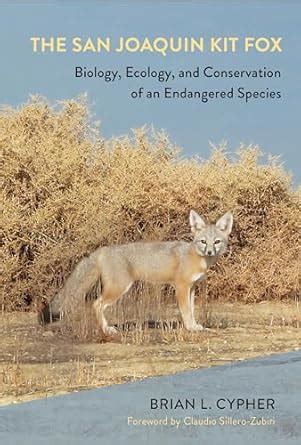 Buy The San Joaquin Kit Fox: Biology, Ecology, and Conservation of an ...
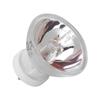 Dental Chair Halogen Bulb Lights Professional Heat Conduction 12V 75W 35mm Bulbs for Dentists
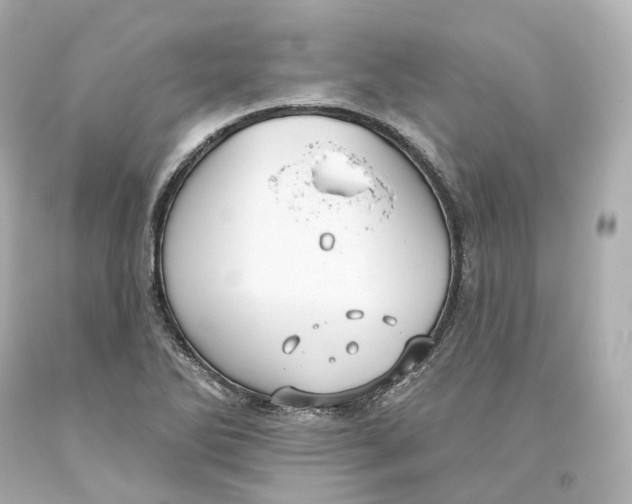 X0000093621270200711051232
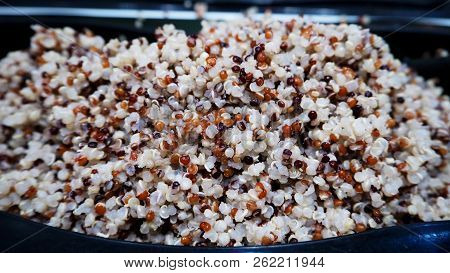 Quinoa Is Popular Health Food. High Fiber And Protien,vitamins,gluten-free And Very High In Antioxid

========

Pictures are to be left out. Otherwise, copy the material above exactly.

 Buy The San Joaquin Kit Fox: Biology, Ecology, and Conservation of an ...
 Dental Chair Halogen Bulb Lights Professional Heat Conduction 12V 75W 35mm Bulbs for Dentists
 X0000093621270200711051232
 Quinoa Is Popular Health Food. High Fiber And Protien,vitamins,gluten-free And Very High In Antioxid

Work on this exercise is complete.